2. Isolierung von CD4 + T-Lymphozyten von transgenen Mäusen OTII

Hinweis: Abbildung 1 fasst diesen zweiten Schritt. Lymphknoten sollte statt Milz CD4 + T-Zellen zu isolieren, verwendet werden, da der Anteil von CD4 + Lymphozyten in Lymphknotens (~ 50%) größer ist als in der Milz (~ 25%), und daher wäre die Reinigung effektiver.

  1. Machen Einzelzellsuspension von Lymphknoten
    1. Entfernen Leisten, Achsel, brachial und Hals-und Mesenteriallymphknoten 23 aus OTII transgenen Mäusen und Transfer in einer Kunststoffschale mit 10 ml RPMI 10% FBS-Medium.
    2. Grind Lymphknoten unter einer sterilen Haube mit zwei mattierten Objektträger. Zeigen Lymphknoten auf einem mattierten Seite von einem Mikroskop-Objektträger, und reiben Sie mit satiniertem Seite der zweiten Schieber, bis Organen geschliffen worden.
    3. Waschen Einzelzellsuspension in PBS / BSA / EDTA-Puffer.
    4. Filtern Sie die Zellen, wenn eine Zelle Sieb (70 & mgr; m) Bindegewebe zu entfernen und waschen mit PBS / BSA / EDTA-Puffer.
    5. Resuspendieren der Zellen in 1 ml ACK-Lysepuffer und Inkubation für 1 min bei RT, um rote Blutzellen zu beseitigen.
  2. Isolierung von CD4 + T-Zellen
    1. Erneut waschen wie in Schritt 2.1.3 und ZählungZellen, um sie bei 100 x 10 6 Zellen / ml in PBS / BSA / EDTA-Puffer resuspendieren.

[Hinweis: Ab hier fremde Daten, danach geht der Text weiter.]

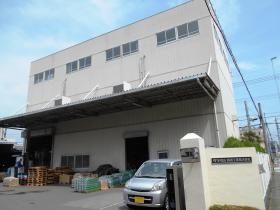 事業所の情報＿００２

Hinzufügen biotinylierten Antikörper gegen CD8, IgM, B220, CD19, MHC Klasse II (I-Ab), CD11b, CD11c und DX5 auf 1: 250 für 30 Minuten auf Eis für eine spätere negative Selektion von CD4 + T-Zellen.
    2. Wash-Zellen in PBS / BSA / EDTA-Puffer und Inkubation der Zellen (100 x 10 6 Zellen / ml) mit Streptavidin-Mikroperlen in der in dem Protokoll des Herstellers empfohlen, für 15 Minuten auf Eis-Konzentration.
    3. Wasche die Zellen in PBS / BSA / EDTA-Puffer und filtern, wenn eine Zelle Sieb (30 um) vor CD4 + T-Zellisolations.
    4. Isolieren CD4 + T-Zellen durch negative Selektion unter Verwendung eines magnetischen Zelltrennmaschine nach dem Protokoll des Herstellers.
    5. Zähle die Zellen und stellen bis 4 x 10 6 Zellen / ml mit RPMI 10% FBS-Medium (ohne Antibiotika).
    6. Fix und halten auf Eis isoliert CD4 + T-Zellen (3 x 10 5 Zellen), um die Reinheit von Fluss überprüfenZytometer wie beschrieben 24. Ein Beispiel für CD4 + T-Zellen, Reinigung wird in 3C gezeigt.

3. T-Zell-Transinfection Messung von Gentamicin Protection Assay

Anmerkung: Abbildung 2 zeigt diese dritte Stufe des Protokolls.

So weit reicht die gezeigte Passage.